↓
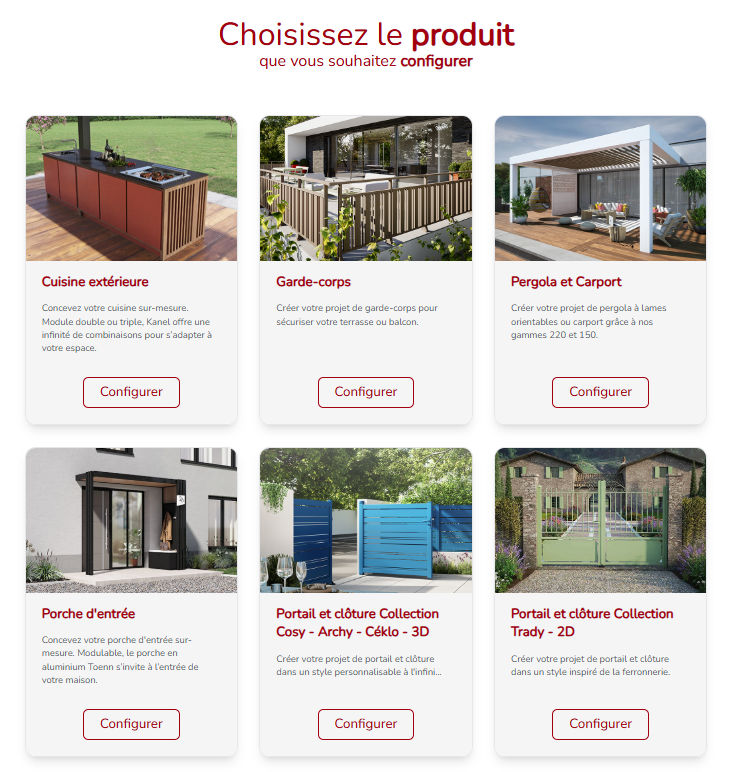Configurateur gratuit de portails, clôtures, garde corps,  pergola et carport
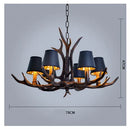 GobekUsa Antler Chandelier: Retro Resin Pendant Lamp for Living Room, Modern Rustic Lighting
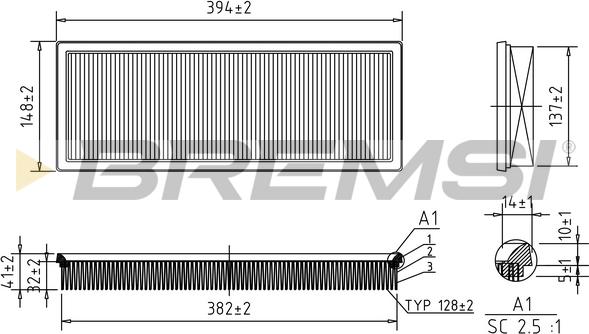 Bremsi FA1659 - Gaisa filtrs ps1.lv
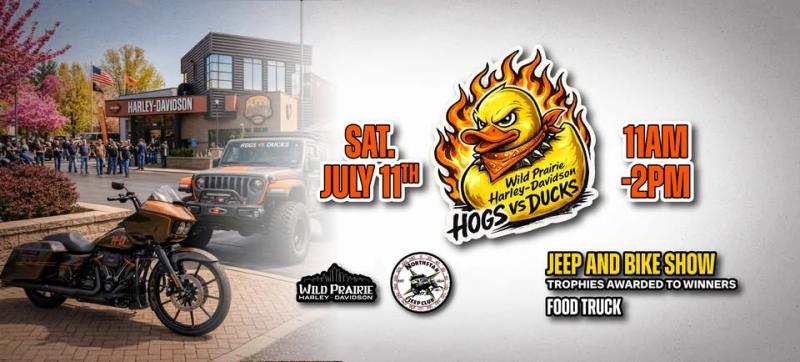 Hogs VS Ducks: Harley-Davidson & Jeep Show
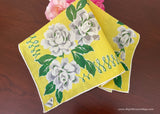Yellow Vintage Tagged Herrmann Handkerchief with White Gray Roses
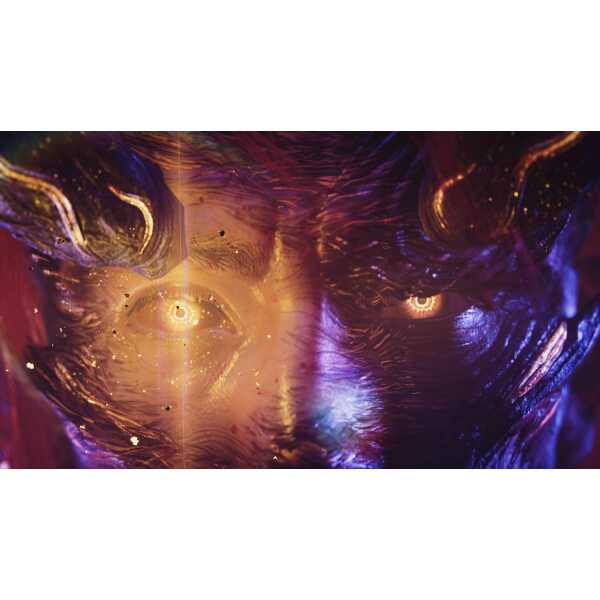 Futuristic warrior with glowing eyes from Onimusha game series.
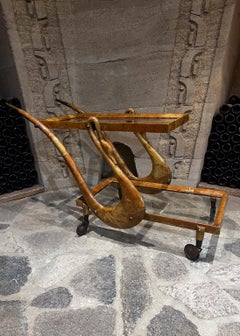 1950s Aldo Tura Sculptural Swan Bar Cart Italy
↑
Task =>
The result should be the full listing, retyped exactly and free of pictures.

Response for this exercise =>
Configurateur gratuit de portails, clôtures, garde corps,  pergola et carport
 GobekUsa Antler Chandelier: Retro Resin Pendant Lamp for Living Room, Modern Rustic Lighting
 Bremsi FA1659 - Gaisa filtrs ps1.lv
 Hogs VS Ducks: Harley-Davidson & Jeep Show
Yellow Vintage Tagged Herrmann Handkerchief with White Gray Roses
 Futuristic warrior with glowing eyes from Onimusha game series.
 1950s Aldo Tura Sculptural Swan Bar Cart Italy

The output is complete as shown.